Попрощались. Заруцкий допил чару — хорош, черт, у воеводы пахучий шарап! — пошел переходами на другую половину терема. Шел, держал перед собой свечу. Метались тени. В углу, где переход заворачивал, у открытого окошка стал. За окошком была осенняя тьма, лаяли собаки, кое-где в рыбных коптильнях светились красные тусклые огни. Вдалеке тонким плачем, напевно исходил нездешней тоской одинокий голос, — мусульманская душа, поди, жаловалась на судьбу, молила аллаха. Заруцкий невидящими глазами вперился во тьму, тянул ноздрями ночной холод, кусал губы, думал. Кол или сокол. Может, и так.

Марина ждала его, сидя перед зеркалом в шелковой, персикового цвета, длинной накидке. Горничная девушка расчесывала ей волосы.

Марина глянула на атамана, сказала служанке коротко:

— Поди.

Та вышла. Заруцкий сел, смотрел хмурясь.

— Ну, что ты? — Марина отвела волосы назад, перевила их белой лентой. — Ты мое горе, да? Так говорят русские?

Заруцкий по-прежнему молчал, смотрел на нее. Перевязывая волосы, она закинула руки кверху, персиковый нежный шелк легко опустился, и руки обнажились. Глаза атамана потемнели.

— Ты, — хрипло сказал он…

— Ну, что я? — Марина подошла к нему. — Ты… Как это сказать? Ты выдумываешь?.. Да?

Заруцкий схватил ее руку, прижался губами.

На устах Марины дрожала печальная улыбка.

— Нет, нет. Я знаю. Еще нет. Ты так хотел, поэтому я с тобой. Но ты не меня, ты себя, атаман, любишь. Даже во мне…
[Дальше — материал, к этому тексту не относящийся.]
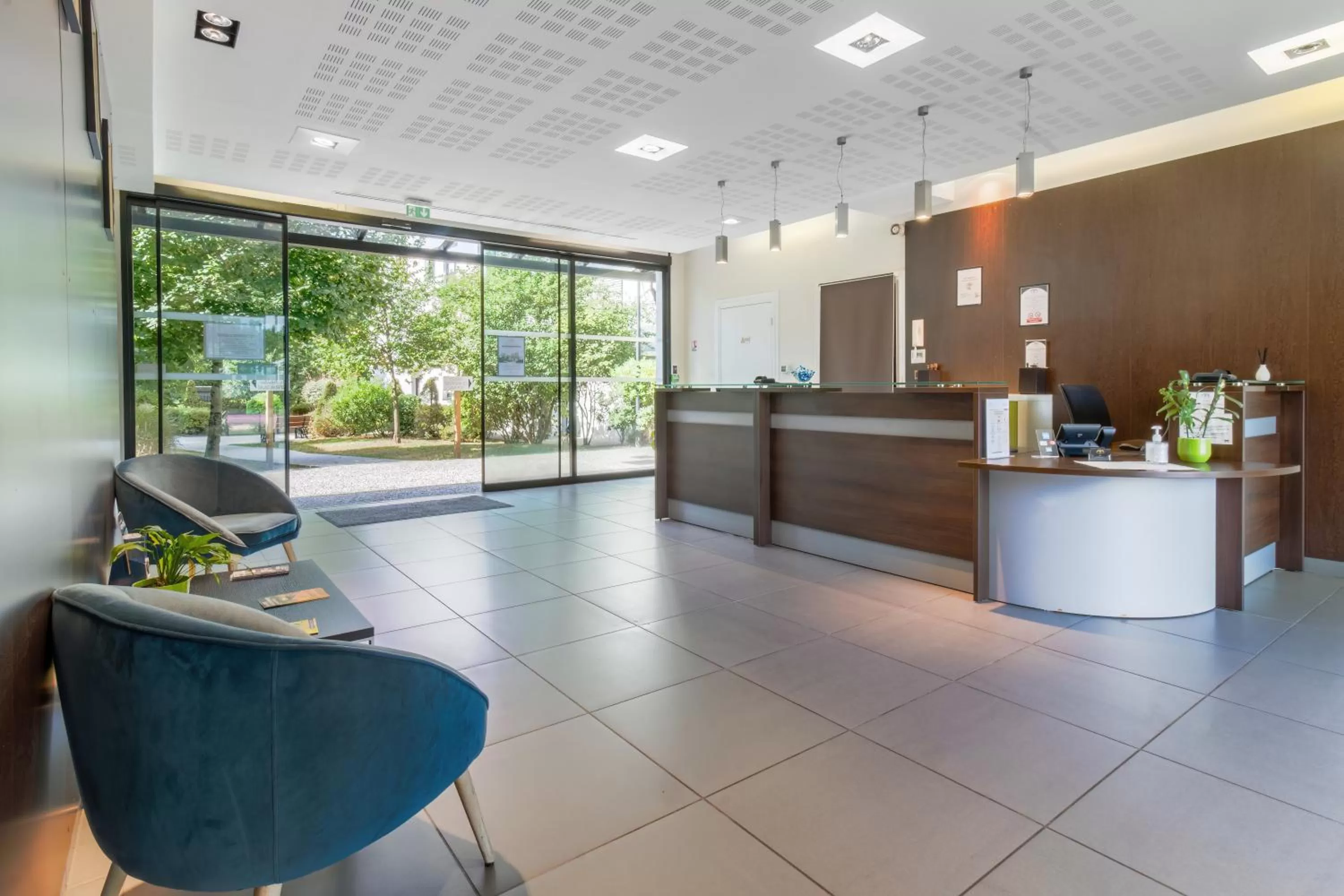 Lobby or reception in All Suites Appart Hôtel - Pau - Zénith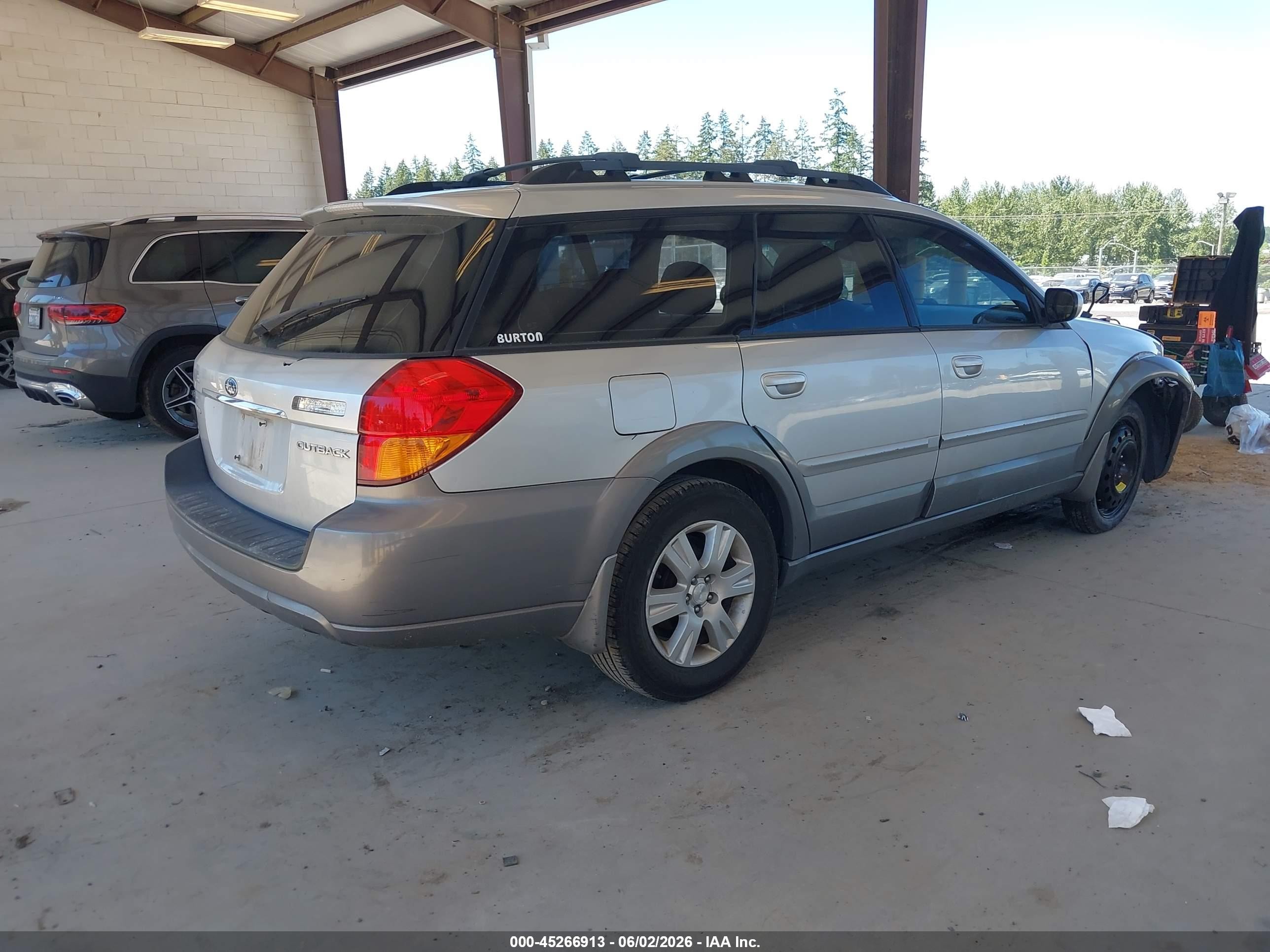 2005 Subaru Outback 2.5i Limited Silver vin: 4S4BP62C157328133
— Молчи, молчи, — он целовал ее руку, — молчи, Марина Юрьевна. Хочешь, — поднял голову, глянул ей в глаза, — хочешь, бежим за Волгу, за Яик, далеко? А? В орду?..

Марина презрительно улыбнулась:

— Боишься?

В серых глазах Заруцкого мелькнула усмешка:

— Боюсь? Рад бы, Марина Юрьевна, да разучился. Выбили из меня, знаешь, страх, еще когда я в рабах у турков был.
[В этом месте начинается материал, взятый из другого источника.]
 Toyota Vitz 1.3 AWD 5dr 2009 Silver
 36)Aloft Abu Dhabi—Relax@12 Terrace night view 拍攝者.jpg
— А ты был? Слышала я что-то про это, да не верила.

— А ты поверь: был! На фелюгах греб. Фелюги у них ходкие, у турков. Когда — под парусами, а когда — на веслах.

— Где ты родился, атаман?

— В Тернополе. Я ж наполовину поляк. Одной крови с тобой.
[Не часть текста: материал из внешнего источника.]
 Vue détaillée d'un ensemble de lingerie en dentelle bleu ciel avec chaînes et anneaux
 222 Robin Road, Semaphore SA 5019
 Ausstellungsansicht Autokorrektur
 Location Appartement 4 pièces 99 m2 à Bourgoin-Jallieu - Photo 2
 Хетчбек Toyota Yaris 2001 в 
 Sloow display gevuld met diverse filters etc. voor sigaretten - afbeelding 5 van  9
Он помолчал, жадно вглядываясь в Марину.

— Ты меня послушай, лада, послушай, — заговорил опять. — Нам, русским, дело это привычное: плети, плаха, топор там или трон, престол то есть московский… А тебе? Тебе! — крикнул он, сверкая глазами. — Как ты, белая, чистая, пойдешь, когда поведут? Как? Скажи!

— А я не пойду, Иван, — в этот вечер она впервые назвала его по имени. — Не пойду. Да. И я… — голос ее осекся.

— Хорошо, — нахмурился Заруцкий, — не хочешь, будем делать, что задумали.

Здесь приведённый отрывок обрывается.